The Aug. 8 public hearing had barely begun before Chace and other concerned residents interrupted a prepared presentation by town manager Mark Haddad to pepper the committee with questions.
Claiming that abutters to the Farmers Row property where the planners propose building the new fire station were never notified of the hearing, Chace added that the public was “misled” about the size and cost of the facility by project boosters.
For instance, said Chace, early on in the history of the project, talk had been about building only a 6,000 square foot fire station, a number that had since increased to over 18,500 square feet.
Quick to deny the lower figure, Haddad said that the larger one had been mentioned from the very beginning of the project an assertion supported by former committee member and current selectman Jack Petropoulos.
“I’d like to remind everybody that we’re building a 50 year station,” said committee chairman Susan Daly. “We’re trying to look forward…”
But Daly was interrupted by Chace who called the cost of the building “excessive” and wondered if its size was really necessary.
Haddad, however, pointed out that all those questions were discussed, debated, and settled at town meeting when residents there voted 170 to 44 in favor of both buying the Farmers Row land and paying for a design plan for a facility to be located there.
Farmers Row resident Scott McDonald noted however that the town meeting vote took place late in the evening and that some residents could not stay that late and so their voices were never heard.

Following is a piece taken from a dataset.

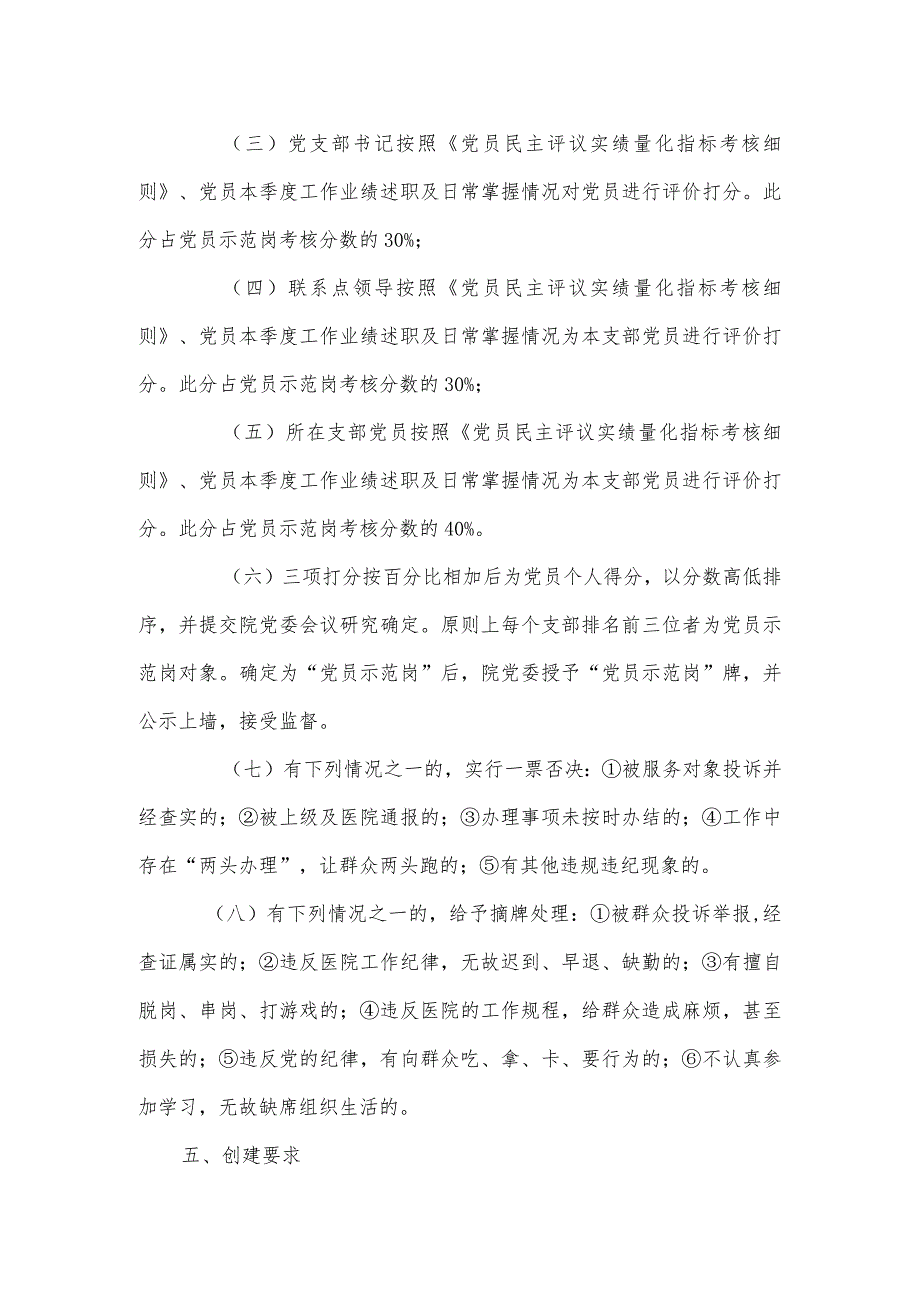 医院党员示范岗建设方案.docx_第3页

McDonald also said there were a number of Fire and Police Department employees who had packed town meeting.
“That was pretty intimidating, really,” McDonald said.

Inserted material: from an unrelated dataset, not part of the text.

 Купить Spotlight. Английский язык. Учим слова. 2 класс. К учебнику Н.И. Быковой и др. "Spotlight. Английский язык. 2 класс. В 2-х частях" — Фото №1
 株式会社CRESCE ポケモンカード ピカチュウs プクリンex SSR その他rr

Pursuing the point, Chace asked what size the town’s population was and was told by Town Clerk Michael Bouchard that it was about 10,800 of which 7,500 were registered voters.
Chace noted then, that only about 3 percent of the town’s voters made the decision at town meeting to move ahead with the project.

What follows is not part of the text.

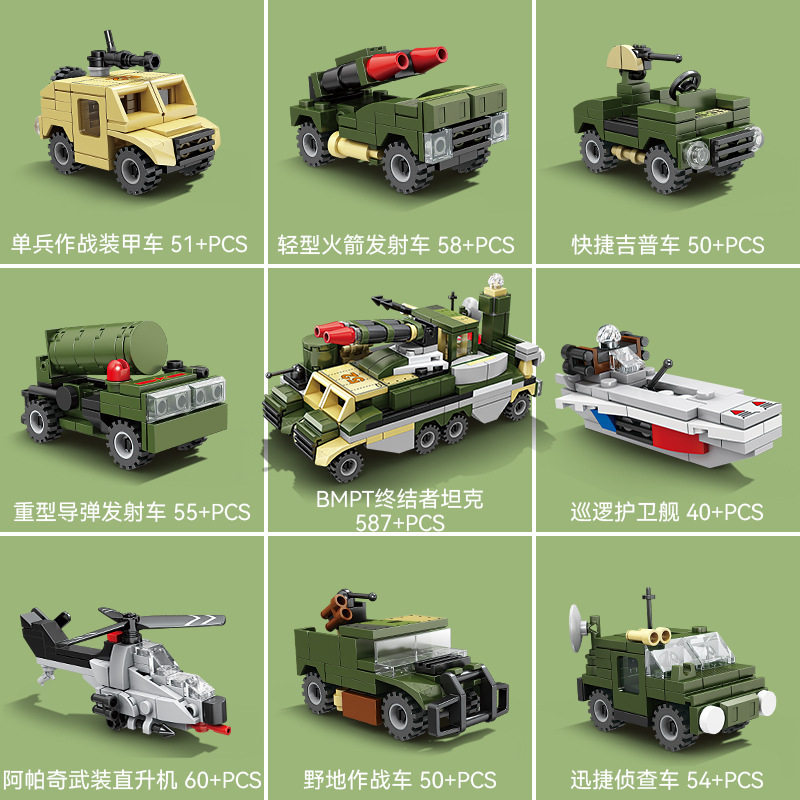 開智84123多機能陣地装甲車【単箱価格、フルセット8】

“Our form of government is a town meeting form of government,” said Haddad.
With Haddad’s presentation being seriously side tracked, one resident tried to defuse the situation by asking Chace if she had attended the town meeting where the votes were taken.
Forced to answer, Chace admitted that she had not but that at the time was under the impression that the fire station project was far more limited than it was.
“We realize that a vote like this could divide the community and have tried to keep that from happening,” ameliorated Daly when Chace insisted that the decisions made at town meeting had not represented a proper consensus of Groton’s residents.
As proposed, the new fire station is to include a four bay garage and three story administration complex with offices on the first floor; fitness room, dormitory, kitchen, dining room, and day room planned for the second floor; and HVAC and other mechanical equipment to be placed in the third floor “attic” space.
Cost of the 2.7 acre parcel, which is located along one of the town’s most scenic drives, has been set at $350,000 with a final price tag for the fire station building itself estimated at $7.5 million.
Finance Committee chairman Jay Prager, who also attended last week’s public hearing, listed questions raised by the FinCom including apparent redundancies in the design of the new building and how the size of the building grew to its proposed 18,500 square feet.
“We must consider carefully the size and cost of the project,” cautioned Prager suggesting that maybe the whole thing should be presented as a ballot question so the entire electorate could weigh in on it rather than the few who attend town meeting.
“There may be reasons to put financial bounds on this and I think the taxpayers should have a say in that,” said Prager.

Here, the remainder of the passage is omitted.